Der Sommer 1975 beginnt langweilig. Wieder mal reckt Nessie den Kopf aus ihrem schottischen Loch und verdutzt drei Urlauber, im spanischen Pamplona nehmen die Stiere Dutzende Möchtegerntreiber auf die Hörner, und das erwartete Verkehrschaos ist großes Thema, diesmal mit einer östlichen Note: Die Jugoslawen fürchten "Massaker" auf ihren Straßen, ausgelöst durch übermüdetete Teutonen, die "durch den Balkan" rasen, wie die SZ schreibt.

(Foto: Foto: iStock. Montage: Samuel Schrott)

Ist also irgendwie alles wie immer, wenn die nachrichtenarme Zeit anbricht. Gäbe es da nicht zwei Gestalten, zwei vermeintlich Untote, die mächtig für Aufsehen sorgen.
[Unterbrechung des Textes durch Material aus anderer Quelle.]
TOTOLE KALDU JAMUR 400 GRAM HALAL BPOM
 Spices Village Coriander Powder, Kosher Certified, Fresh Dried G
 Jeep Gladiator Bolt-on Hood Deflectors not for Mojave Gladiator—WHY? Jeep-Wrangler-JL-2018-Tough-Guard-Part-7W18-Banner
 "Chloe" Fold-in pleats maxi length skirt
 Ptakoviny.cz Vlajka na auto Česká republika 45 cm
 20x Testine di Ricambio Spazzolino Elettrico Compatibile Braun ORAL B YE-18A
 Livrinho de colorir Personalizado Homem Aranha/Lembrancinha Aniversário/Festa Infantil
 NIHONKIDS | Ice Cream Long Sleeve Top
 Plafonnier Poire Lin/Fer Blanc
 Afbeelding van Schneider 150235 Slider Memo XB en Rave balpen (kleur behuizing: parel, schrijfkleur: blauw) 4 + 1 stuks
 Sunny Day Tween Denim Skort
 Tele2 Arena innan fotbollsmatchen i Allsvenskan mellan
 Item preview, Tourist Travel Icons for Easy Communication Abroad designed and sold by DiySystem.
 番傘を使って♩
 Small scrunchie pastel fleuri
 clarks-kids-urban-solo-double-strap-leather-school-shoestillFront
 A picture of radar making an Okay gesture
Im ersten Fall handelt es sich um John Stonehouse, im zweiten um eine ältere Dame aus Niederbayern. Aber alles der Reihe nach.

Man muss sich Stonehouse als armen Tropf vorstellen. Er träumt davon, Premierminister zu werden, aber es reicht nur zum Staatssekretär. Der schneidige Labour-Politiker versucht sich als Unternehmer, was wieder danebengeht. Er frisiert Bücher, man kommt ihm auf die Schliche.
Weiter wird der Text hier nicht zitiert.